Moore v. State

Lumpkin, Justice.

Under sections. 302 and 303 of the code, a writ of certiorari from a conviction in a county court is not necessarily returnable to a regular term of the superior court, but the superior court judge may require the county judge to certify and send up to the former a complete history of the case, and the certiorari may then be heard and determined at any time after ten days’ notice to the accuser. It can hardly be doubted, however, that the judge of the superior court has the right to make the certiorari returnable to a regular term of the superior court, if he sees proper to do so; and this, we understand, is the usual practice observed in such cases.
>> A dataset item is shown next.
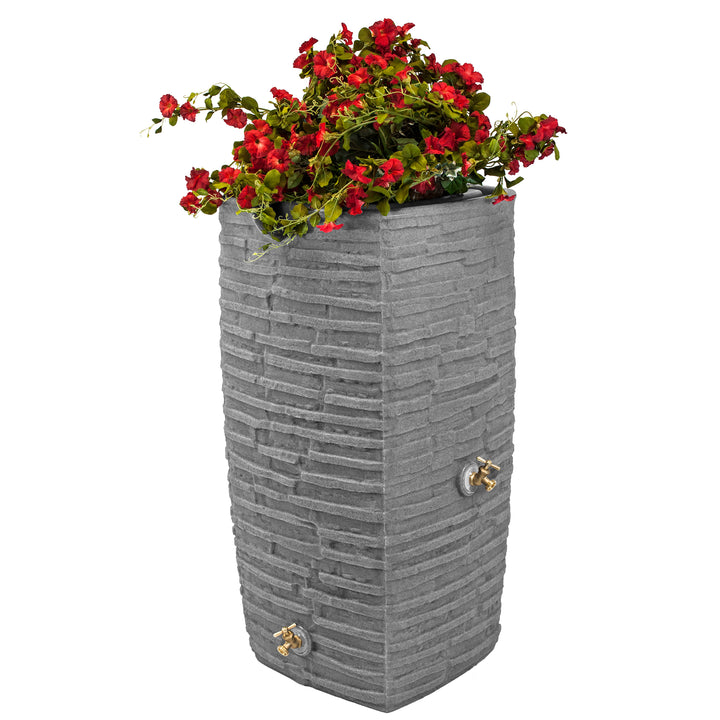 Good Ideas Impressions Riverwalk 50 Gal Rain Saver with Spigots (For Parts)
At any rate, this seems to have been done in the present instance. We therefore think the certiorari became a regular superior court case. It was undoubtedly a ciiminal case to which the State was a party. This being so, it was, under the constitution (Code, §5160), the duty of the solicitor-general of the circuit to represent the State upon the trial of the case in the superior court. Therefore, according to the principle announced by this court in Butts v. State, 90 Ga. 450, he should have had notice of the sanction of the certiorari and of the time and place of hearing; and the notice as to these matters which was served upon the solicitor of the county court was ineffectual.

We are not now called upon to decide whether or not notice to the accuser would have been sufficient had the certiorari been made returnable before the judge of the superior court in vacation. Judgment affirmed.